Not sure why this would be the case. For example, just yesterday I picked up a book on the very early history of Rome: Everitt's, The Rise of Rome: The Making of The World's Greatest Empire. And in the preface found this comment about what his book contains:
Legend, the age of kings, wher most of the events never took place, at least not in the manner described; Story, the conquest of Italy and constitutional conflict, where fact and fiction cohabit; and History, the Republic as a Mediterranean power, where literary sources make a serious attempt at objectivity and accuracy.
So, the OT is like the stories about Rome: a mixture of legend, stories, and attempts at real history. The Flood is a legend, the Patriarchs are stories, and David is history (though not perfect, since history isn't perfect even now, as you know). I think it bothers you to hear anybody who is religious speak this way about scripture, but it is really an off-the-shelf version of Catholic and Jewish thinking.
Sometimes, his commands were brutal. I can just give an example on Jehovah regulating slavery. This is problematic for you.
I hope you can understand that the question, "Why weren't the Jews of 1,000 BC abolitionists?" doesn't even make sense except insofar as you approach the OT with some sort of fundamentalist approach. I keep trying to emphasize this point and nobody keeps listening. Why stop there? If the Jews were God's people, why didn't they have representative democracy with universal suffrage, child labor laws, and the EPA?

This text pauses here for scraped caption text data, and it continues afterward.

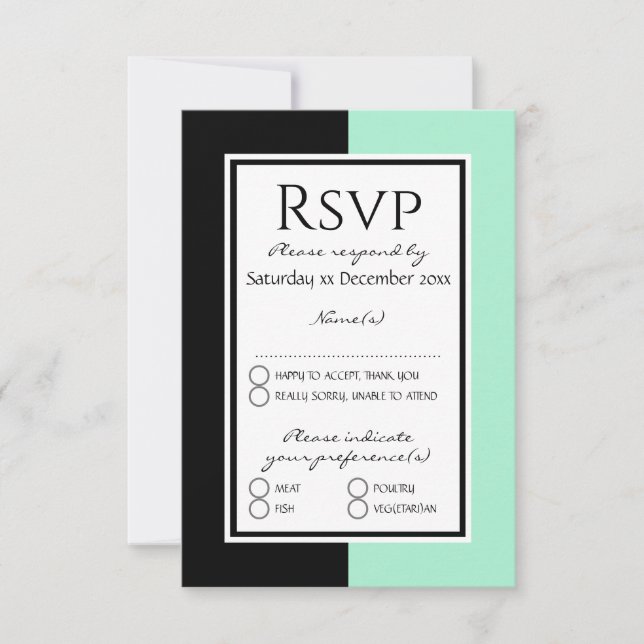 Modern Neo Mint Black Personalised WEDDING RSVP Card (Front)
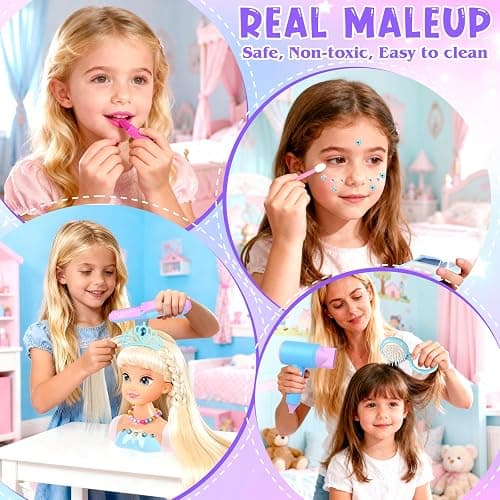 KUBUSFLY Hair Styling Doll Head Toys for Girls, Kids Makeup Hair Salon Pretend Play Styling Kit with Hairdryer, Curling Iron, Beauty Hair Stylist Toy Christmas Birthday Gift for Toddler Girls 3 4 5 6+ thumbnail 4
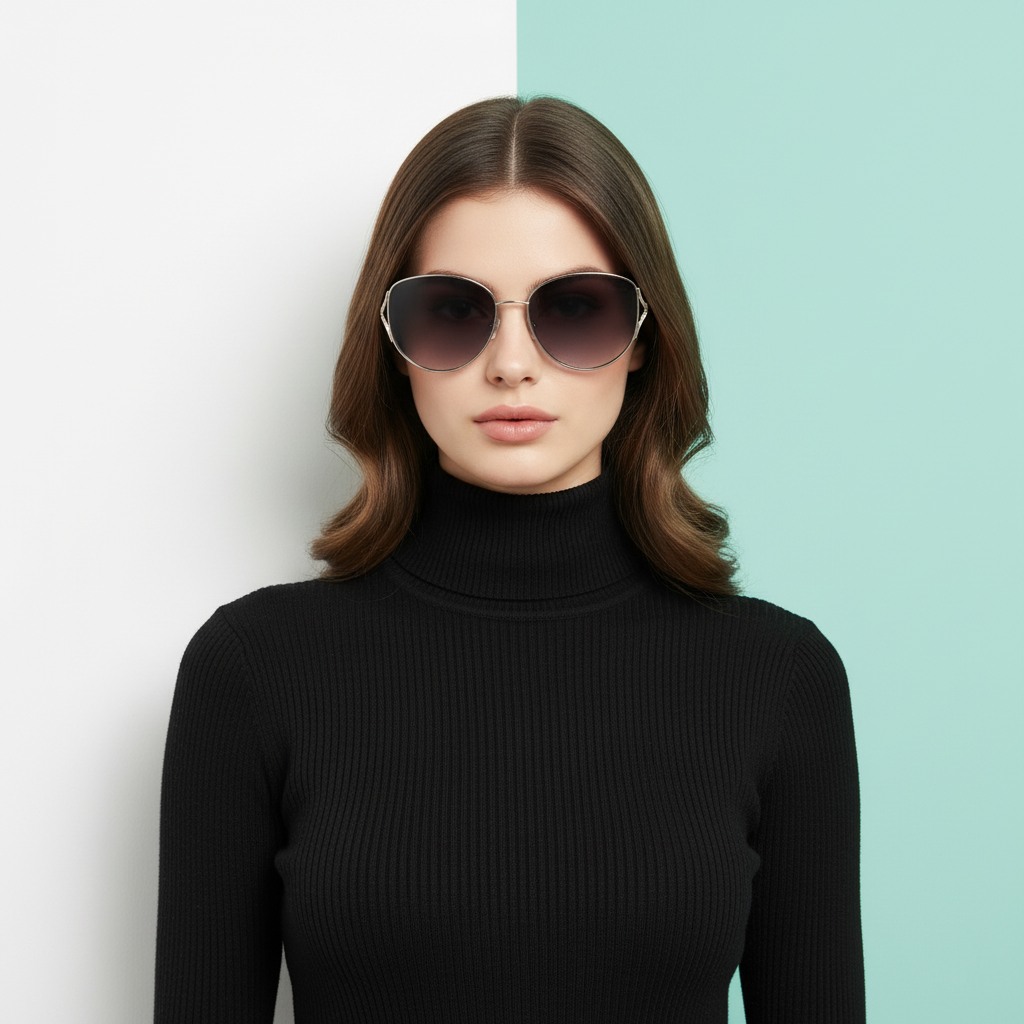 Silver Oval Sunglasses for Women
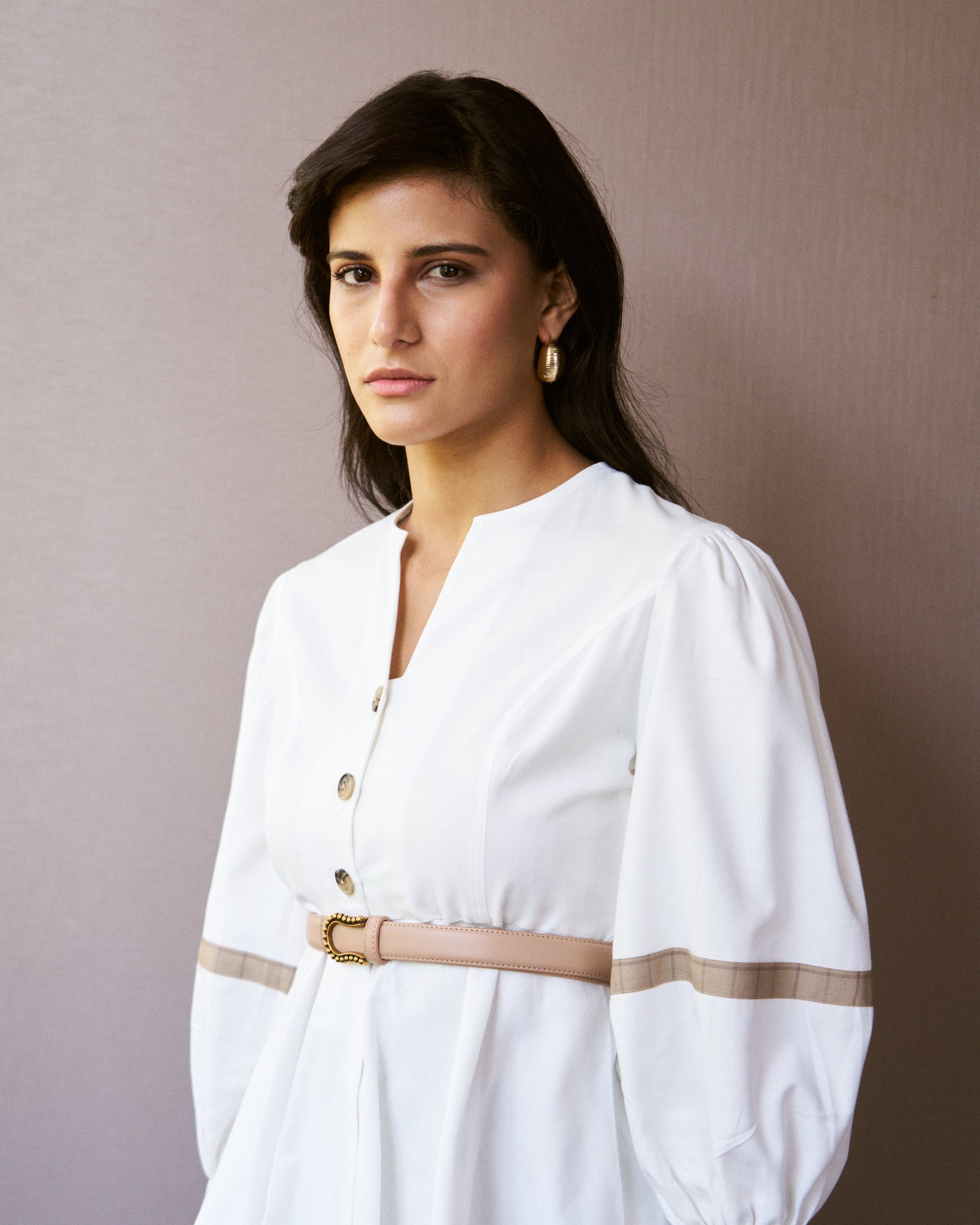 Logus white top with sleeve detail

But didn't Jesus address this question? He said, "You were allowed to divorce because y'all were knuckleheads, but I tell you now that marriage is a lifetime proposition." Baby steps, KN, baby steps. That's how it works. Or, if you don't care for Jesus, how about Martin Luther King: "The arc of history is long, but it bends toward justice." Same idea.
Again, I could care less how they are "supposed to be viewed", whether by Jewish, Catholic, Protestant, or whatever "authority".
Well, now, you are making an error that is beneath you. Surely you learned in school that you must approach literature with an understanding of context. Who was writing, for what purpose, with what audience in mind, how he eas planning to make which point, etc. To say you don't care how the Jews intended their books to be read, or that you don't care what the Catholics were trying to do by collecting
this group of books and not some other group is simply a declaration that you don't intend to read the work honestly. You insist that you should be able to read scripture as if it were the universe's most accurate newspaper and, when you discover that it isn't, you insist it isn't worth anything at all. I'm sorry to say, that's not an educated way to approach
any piece of literature from
any time. And that really does mean you are doing it wrong.